++++ Information given ++++

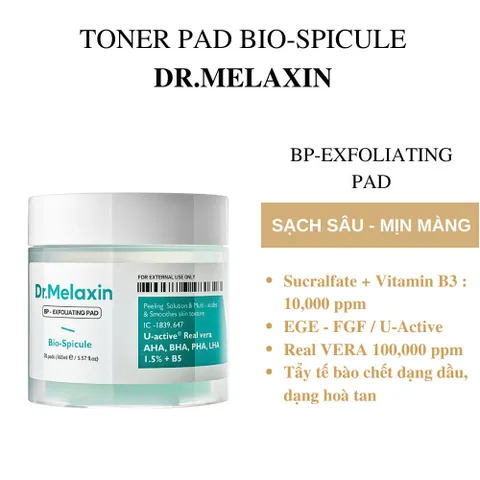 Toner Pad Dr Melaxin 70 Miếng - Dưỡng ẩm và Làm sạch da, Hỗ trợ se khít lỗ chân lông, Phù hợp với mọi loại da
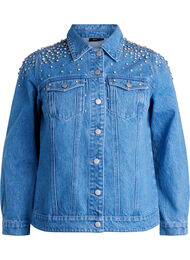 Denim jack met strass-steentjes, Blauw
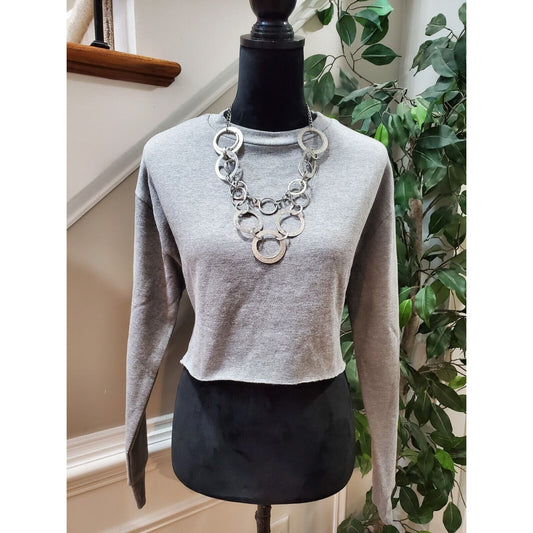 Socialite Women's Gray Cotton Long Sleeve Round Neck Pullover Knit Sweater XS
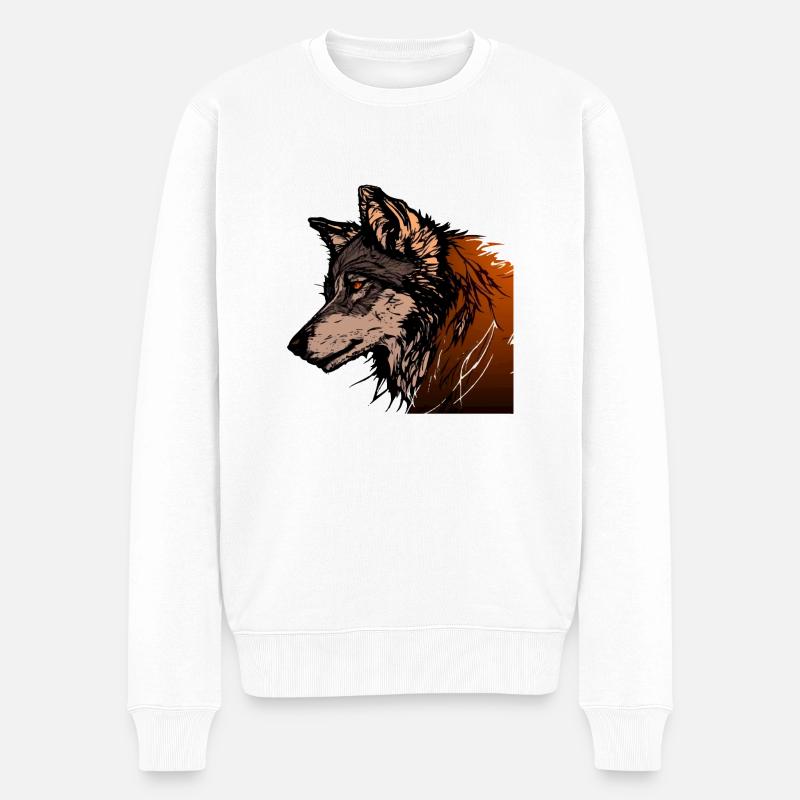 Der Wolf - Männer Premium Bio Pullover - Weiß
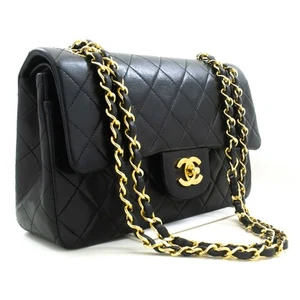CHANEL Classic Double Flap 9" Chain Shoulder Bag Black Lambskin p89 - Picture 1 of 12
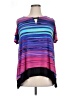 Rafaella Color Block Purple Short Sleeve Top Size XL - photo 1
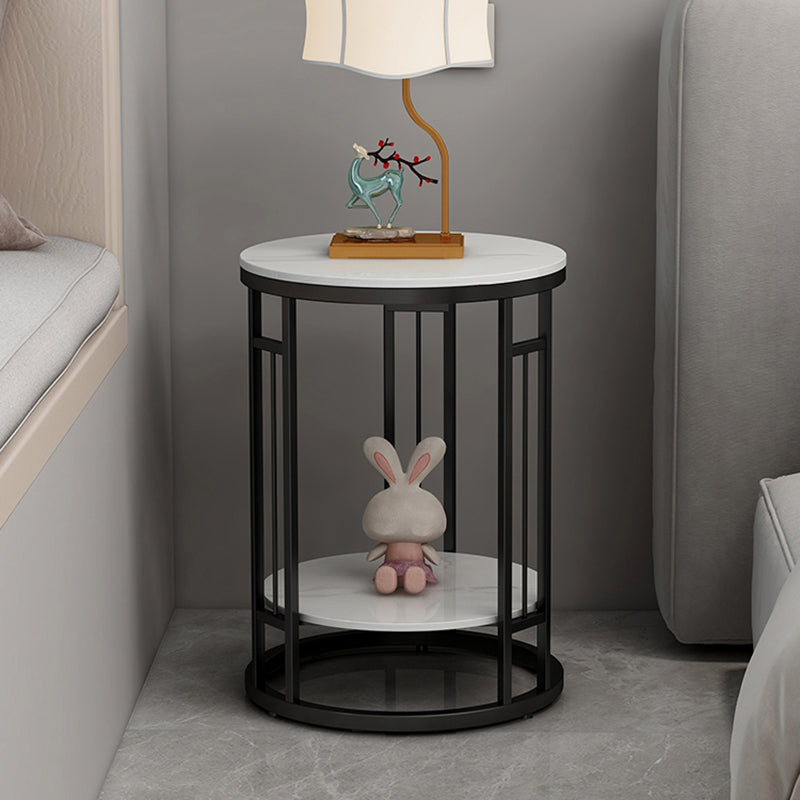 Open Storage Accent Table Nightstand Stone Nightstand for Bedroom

++++
++++ Information given ++++

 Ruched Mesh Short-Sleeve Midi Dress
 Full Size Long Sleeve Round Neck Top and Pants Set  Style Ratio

++++
++++ Information given ++++

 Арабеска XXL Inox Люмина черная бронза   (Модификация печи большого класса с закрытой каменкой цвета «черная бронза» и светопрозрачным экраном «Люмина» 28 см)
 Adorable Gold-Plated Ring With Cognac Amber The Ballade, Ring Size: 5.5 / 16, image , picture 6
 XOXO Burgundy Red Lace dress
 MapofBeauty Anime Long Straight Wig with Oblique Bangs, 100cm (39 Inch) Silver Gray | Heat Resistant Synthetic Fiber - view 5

++++

What the task asks
Starting at the line that has "Ruched Mesh Short-Sleeve Midi Dress" in the records above, restate word for word every line until the one that has "Full Size Long", and include that one as well.

Answer for the task
 Ruched Mesh Short-Sleeve Midi Dress
 Full Size Long Sleeve Round Neck Top and Pants Set  Style Ratio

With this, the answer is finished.